When he saw the clip online a week later for the first time, Boyd says he was surprised by his own outrage. But he was even more surprised at the response, as the video quickly amassed more than 2 million views.

"I got calls from people all across the country — law enforcement, FBI agents, people who just wanted to offer condolences, local people who wanted to help — it was extremely overwhelming," he says.

And though the clip garnered thousands of positive comments, there was negative feedback as well. Some progressives felt Boyd's comments unfairly blamed the youth who resort to violence rather than focusing on the poverty and lack of opportunity driving their recklessness.

But Boyd isn't here to run a popularity contest. "I'm tired of excuses. Dammit, let's all come together and do something about it. We just talk about it, we talk around it for too long. You have to first seek to understand where people are coming from before you judge them."

What Boyd lacks in name recognition, he makes up for in community outreach. He asks that voters examine his extensive record in public service. "I love service, I love helping people, it's part of my value system. I don't have to live in this neighborhood, but if all the good people leave, where's the hope for those left behind? I want people to feel hopeful about our community and that's why I work so hard to make a difference."
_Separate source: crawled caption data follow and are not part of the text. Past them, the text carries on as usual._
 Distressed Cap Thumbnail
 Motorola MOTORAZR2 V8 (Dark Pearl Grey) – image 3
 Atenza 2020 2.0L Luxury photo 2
He points to positive changes he's brought to the ward, including the renovation of Arlington Grove School into new apartments and modern streetlamps along MLK Drive. But Boyd says there's still much work to be done. "I have a vision for this city to develop a community where everybody has an opportunity, where people can excel," he says. "Imagine St. Louis five to ten years from now, where all the vacant lots and buildings we see today all have new housing and businesses. We need leadership that's going to embrace rebranding our city. It's time for us to stop reacting to developers' plans and start making developers react to our plans. That is how a city grows."

In addition to increasing the size of the staff of the city planning department and making sure TIF incentives are being applied appropriately, Boyd also wants to upgrade police and emergency services. "We need to make sure our police department reflects the diversity of our community, that we have better community engagement and start looking for progressive strategies that will help us heal as a city. Bridge that divide that we have," he says. "We're only as great as our weakest neighborhood. And we have to put all that together, in a way that reduces crime. Everyone has value and we have to make every young person out here feel like they have value and their opinion matters and give them hope. I want to be a mayor that inspires people."
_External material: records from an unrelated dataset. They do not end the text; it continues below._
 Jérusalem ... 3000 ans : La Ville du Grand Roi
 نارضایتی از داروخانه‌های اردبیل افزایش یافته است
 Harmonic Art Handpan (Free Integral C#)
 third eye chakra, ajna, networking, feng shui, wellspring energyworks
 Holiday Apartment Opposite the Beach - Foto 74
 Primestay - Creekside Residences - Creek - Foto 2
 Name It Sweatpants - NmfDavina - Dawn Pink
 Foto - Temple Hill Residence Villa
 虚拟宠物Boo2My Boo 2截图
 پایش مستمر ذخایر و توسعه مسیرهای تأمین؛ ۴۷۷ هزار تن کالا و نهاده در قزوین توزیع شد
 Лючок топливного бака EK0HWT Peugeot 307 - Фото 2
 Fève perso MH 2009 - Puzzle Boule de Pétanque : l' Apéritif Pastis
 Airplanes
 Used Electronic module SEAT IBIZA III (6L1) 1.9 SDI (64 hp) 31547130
That kind of blanket inspiration may come at a cost, as Boyd has earned a reputation for being a compromiser in a political climate that seems increasingly unwilling to bend on key issues. But where some see grey area, Boyd sees opportunity. "People have accused me of being too close to Mayor Slay, saying he's a racist, and I'm like, 'That man is the mayor. I need his help and I'm going to get it.'" Not even the new reality of a Republican-dominated state government seems to throw a shadow on his plans. "Public service is party neutral. If I'm mayor, my expectation is that I build a relationship with Governor Greitens. He's a Navy Seal, a military guy — I think we share some common values and he's someone I can talk with," he says.

In the mean time, Boyd is enthusiastic to attempt a run for city mayor and show St. Louis voters what he's capable of. "My job as mayor is to convince people that the city has a vision of success that will make us better than we are today. And if we're always looking forward to being better tomorrow than we are today, then we'll be successful. We'll rise and create a better city."